将上面的例子改造一下，引入了 iterator：

import re
import reprlib

RE_WORD = re.compile('\w+')

class Sentence:
    def __init__(self, text):
        self.text = text
        self.words = RE_WORD.findall(text)
        
    def __repr__(self):
        return 'Sentence(%s)' % reprlib.repr(self.text)
        
    def __iter__(self):   
        return SentenceIterator(self.words)   
        
class SentenceIterator:
    def __init__(self, words):
        self.words = words   
        self.index = 0   
        
    def __next__(self):
        try:
            word = self.words[self.index]   
        except IndexError:
            raise StopIteration()   
        self.index += 1   
        return word   
        
    def __iter__(self):   
        return self

这是一个比较啰嗦的示例，为的是介绍后面的 generator 机制。

Sentence Take #3: A Generator Function

import re
import reprlib

RE_WORD = re.compile('\w+')

class Sentence:
    def __init__(self, text):
        self.text = text
        self.words = RE_WORD.findall(text)
        
    def __repr__(self):
        return 'Sentence(%s)' % reprlib.repr(self.text)
        
    def __iter__(self):
        for word in self.words:   
            yield word

函数体中带 yield 关键字的，即是 generator function。generator function 的机制是：

A generator function builds a generator object that wraps the body of the function. When we invoke next(…) on the generator object, execution advances to the next yield in the function body, and the next(…) call evaluates to the value yielded when the function body is suspended. Finally, when the function body returns, the enclosing generator object raises StopIteration, in accordance with the Iterator protocol.

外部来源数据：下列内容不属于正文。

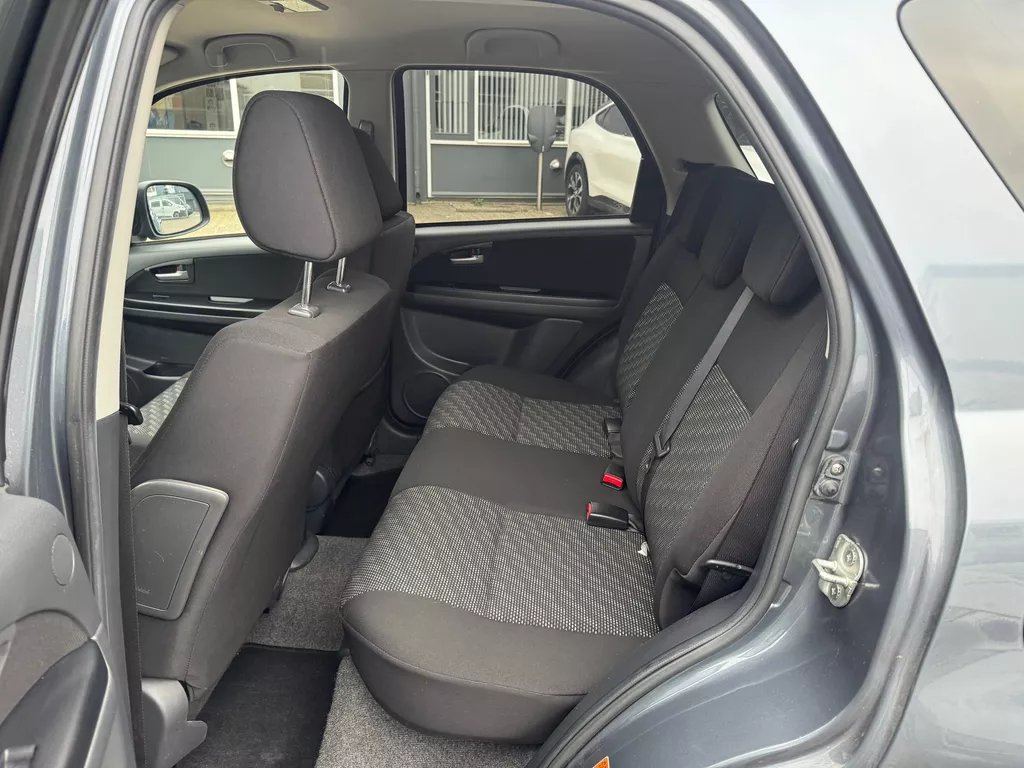 Suzuki SX4 1.6 Shogun. **84000 km** Suzuki SX4 1.6 Shogun. **84000 km**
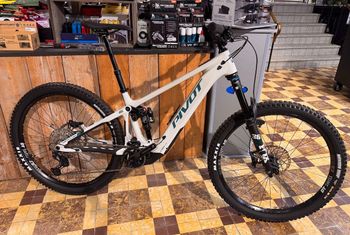 Pivot, SHUTTLE AM Ride SLX/XT 2024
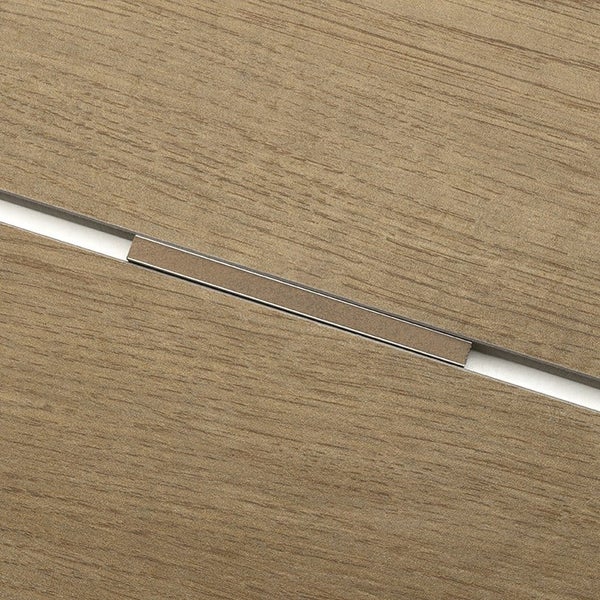 Detailaufnahme einer Bodenfuge mit einem Metallverbindungsprofil zwischen zwei Holzoptik Laminatdielen.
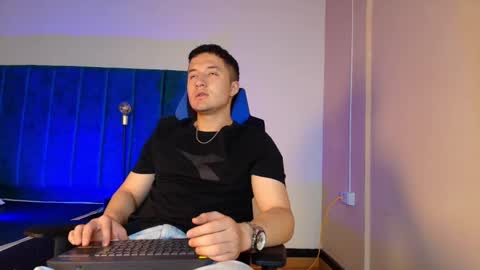 Snapshot of ethanconnor_ chatting on October 16, 12:27 pm ethanconnor_ online show from October 16, 12:27 pm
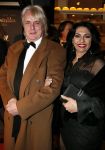 Amsterdam 9 januari 2012
Premiere les Miserables in Tuschinski. Laura Fyji met man
Peter Smulders bv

Calling a generator function returns a generator. A generator yields or produces values. A generator doesn’t “return” values in the usual way: the return statement in the body of a generator function causes StopIteration to be raised by the generator object.

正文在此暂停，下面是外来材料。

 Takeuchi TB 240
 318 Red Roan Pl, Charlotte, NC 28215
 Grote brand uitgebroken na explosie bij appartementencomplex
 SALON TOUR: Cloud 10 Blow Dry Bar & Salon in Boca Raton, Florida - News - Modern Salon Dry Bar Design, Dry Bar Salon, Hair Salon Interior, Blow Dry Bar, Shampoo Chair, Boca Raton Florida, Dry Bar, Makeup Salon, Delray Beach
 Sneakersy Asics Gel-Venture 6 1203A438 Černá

Sentence Take #4: A Lazy Implementation

前面的例子并不是 lazy 的。因为 words 是提前准备好的。当你只需要前面几个词时，把整串 words 都准备好，可能是对性能和内存的不必要消耗。下面给了一个延迟计算的方法：

import re
import reprlib

RE_WORD = re.compile('\w+')

class Sentence:
    def __init__(self, text):
        self.text = text

    def __repr__(self):
        return 'Sentence(%s)' % reprlib.repr(self.text)

    def __iter__(self):
        for match in RE_WORD.finditer(self.text):
            yield match.group()

generator function 很方便，但是 generator expression 更方便。

Sentence Take #5: A Generator Expression

对于 generator expression，一个容易理解的解释是：

A generator expression can be understood as a lazy version of a list comprehension: it does not eagerly build a list, but returns a generator that will lazily produce the items on demand. In other words, if a list comprehension is a factory of lists, a generator expression is a factory of generators.

简化后的代码不再由 generator function 返回 generator，而是由 generator expression 产生 generator：

import re
import reprlib

RE_WORD = re.compile('\w+')

class Sentence:
    def __init__(self, text):
        self.text = text
        
    def __repr__(self):
        return 'Sentence(%s)' % reprlib.repr(self.text)
        
    def __iter__(self):
        return (match.group() for match in RE_WORD.finditer(self.text))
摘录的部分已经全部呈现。